Milan, un piano strategico fallimentare

Ci sono due immagini simboliche che fotografano lo schianto del Milan al culmine della inquietante prova di Parma. La prima: Ibra inquadrato in tribuna sconsolato con gli occhi chiusi e le mani sul volto, già disperato. La seconda: Paulo Fonseca ritto davanti alla panchina con le mani sul fianco, impotente e incapace di raddrizzare la navigazione del suo Milan finito subito sugli scogli di Parma. Mai così falsa la partenza in campionato, ultimo precedente ravvicinato nel 2011, mai sentita una chiosa di un rivale, Cancellieri, autore del 2 a 1, offrire il senso calcistico della sfida («Ci siamo divertiti e penso si sia visto») con una frase che sa di umiliazione per il Milan.

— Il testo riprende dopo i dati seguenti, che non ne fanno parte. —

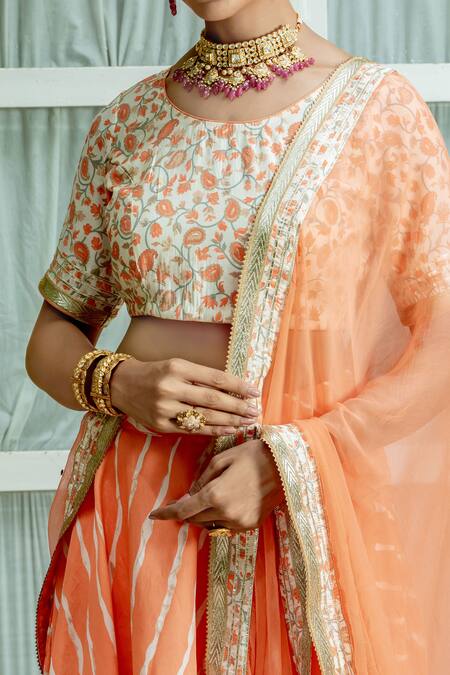 Top Stylish Lehenga Blouse Designs for 2024 - Wedding Banquets Blogs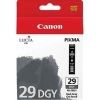 Canon Canon Ink Cartridges - Canon PGI29DGY Dark Grey Ink Tank GENUINE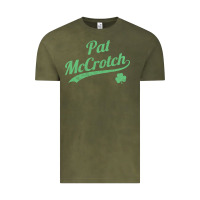 Vintage Olive pat mccrotch funny st. patrick's day long sleeve t shirt Vintage Tee - linhVisuals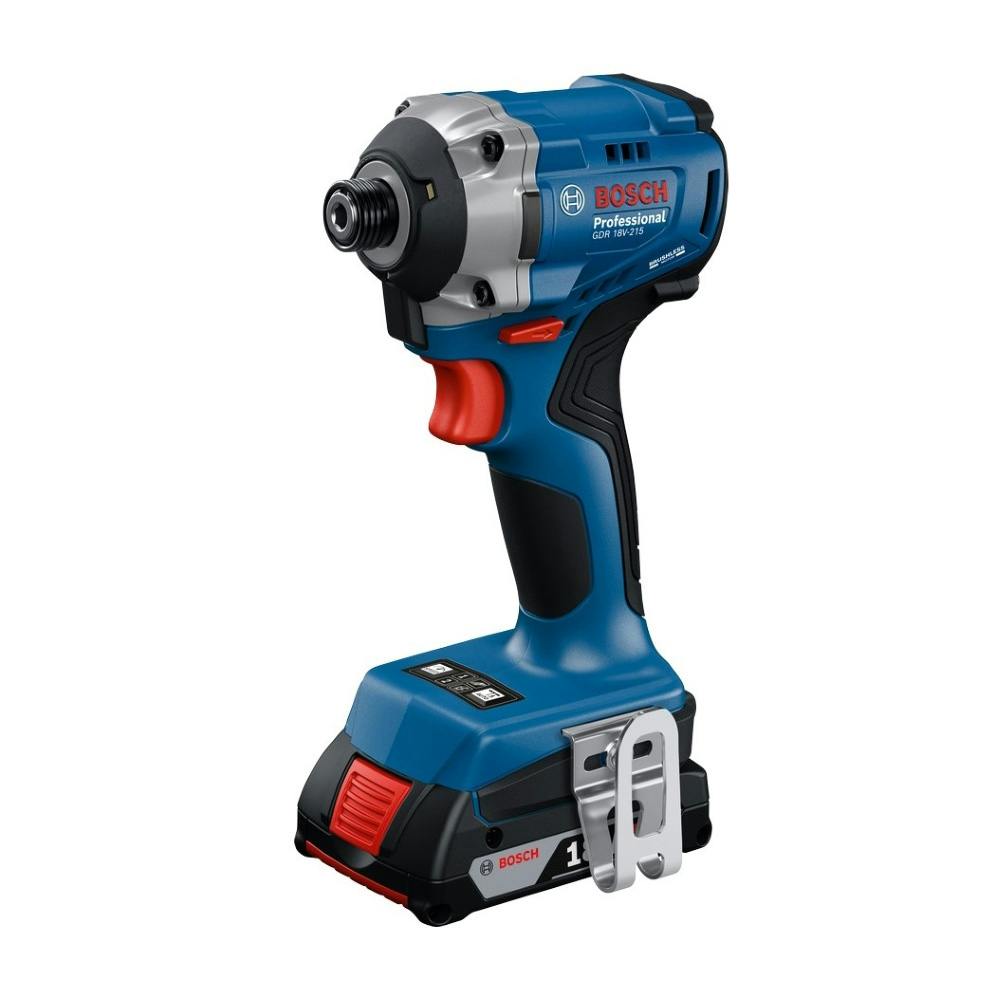 BOSCH コードレスインパクトドライバー GDR18V-215 バッテリー2個付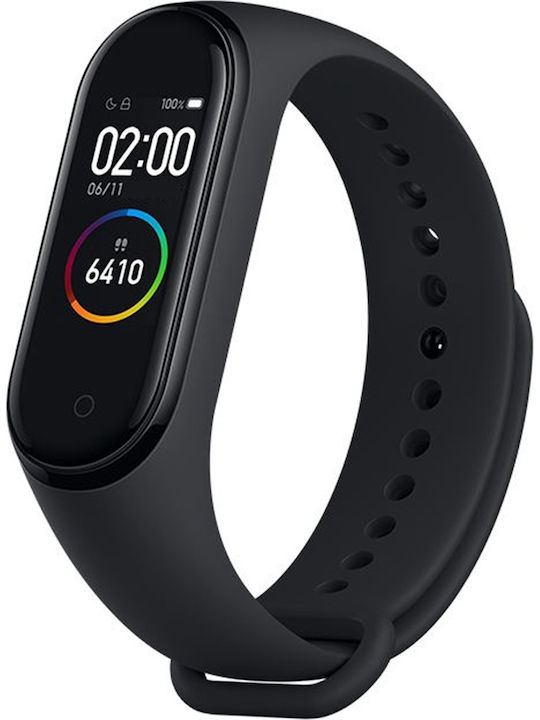 Xiaomi Mi Smart Band 4 Impermeabil cu Monitor de Puls Negru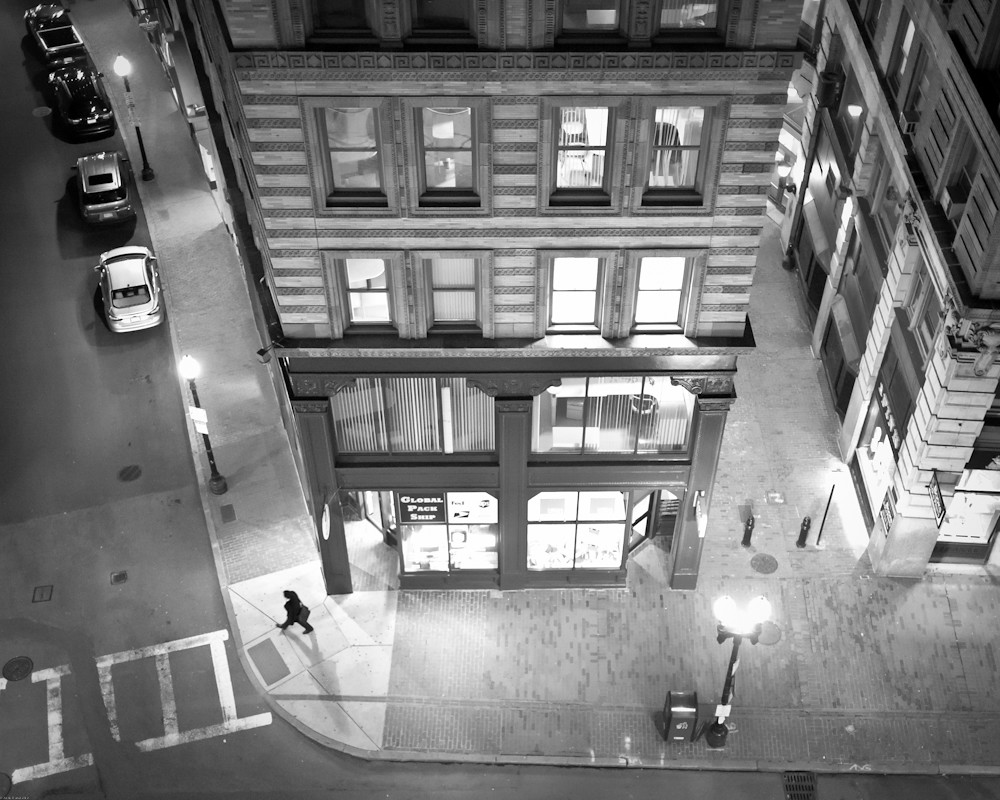 Boston, Massachusetts Inspired by Edward Hopper's Night … Flickr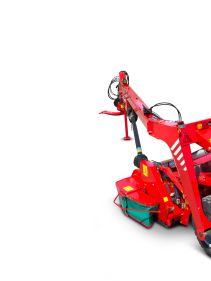 Mower Conditioners - Kverneland 4300 LT LR CT CR, BX Swath Belt speed up collection of crop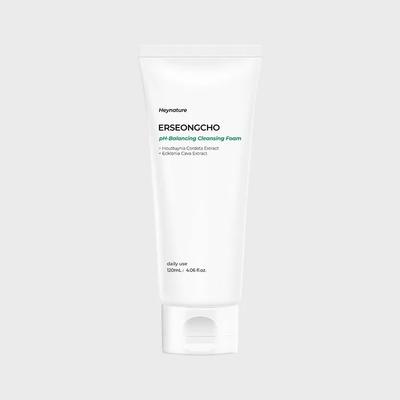 Eoseongcho Mildly Acidic Cleansing Foam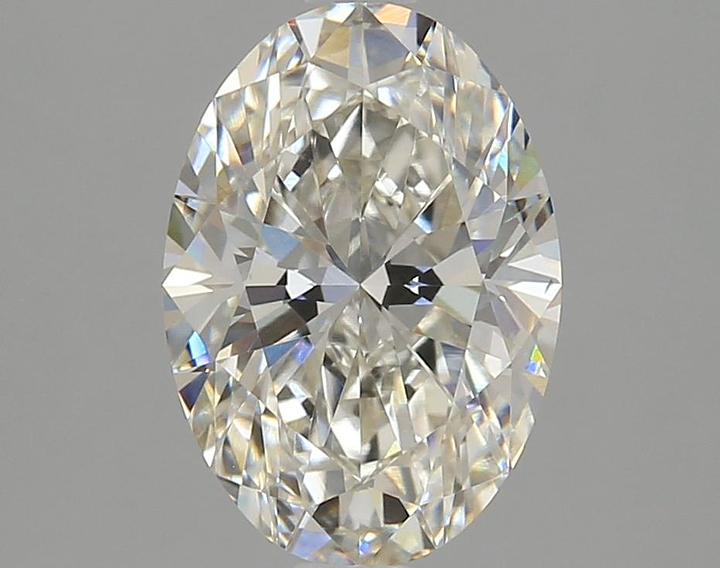 2.17 Carat Oval Shaped Ideal Cut VS1 IGI Certified Lab Grown Diamond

Ibra e Fonseca sono i due referenti a cui rivolgere il quesito fondamentale: ma cosa avete combinato? Il mercato, sulla carta, non può essere così misero come i primi due risultati certificano. Allora è a Fonseca che bisogna rivolgersi per chiedere conto non di parole vaghe, non di spiegazioni fumose, ma di risposte convincenti. Perché la sconfitta di ieri è innanzitutto meritatissima. Ed è figlia di un piano strategico fallimentare. Prendere gol al primo contropiede, dopo nemmeno 2 minuti, è il segnale pubblico e solenne di una ridotta concentrazione e attenzione ma anche di una disposizione tattica suicida. E così per tutto il primo tempo quando il Parma è andato al tiro davanti a Maignan una, due, tre, quattro volte.

E dire che la presenza di Pavlovic, tra i più efficaci anche in fase offensiva, sembra la scelta giusta e indispensabile per ridare cemento a una trincea di burro. Se nonostante quel gigante e qualche provvidenziale parata di Maignan, il fatturato è così negativo, c’è una sola spiegazione: non funziona niente in questo Milan. Né la feroce attenzione che dovrebbe avere, né l’organizzazione difensiva e ancor meno quel mandare i due terzini all’assalto scoprendo puntualmente i due binari che sono stati il terreno di conquista del Parma.

Allora è bene prendere subito atto della realtà e correre ai ripari. Come? O Ibra e il management rossonero sono convinti d’aver fatto la scelta giusta nello scegliere il portoghese come successore di Pioli, oppure è bene prepararsi a uno scenario altrettanto rivoluzionario e cioè un cambio di guida tecnica. C’è un altro sospetto, psicologico forse più che calcistico, che viene a galla osservando la reazione dei rossoneri e in particolare dei più decisivi, come Leao, Theo, Tomori: è come se non fossero convinti di quel che fanno. La conferma nella frase di Fonseca a fine gara: «Mi assumo la responsabilità ma mi sembra chiaro che ci sia un problema collettivo di atteggiamento difensivo e di aggressività».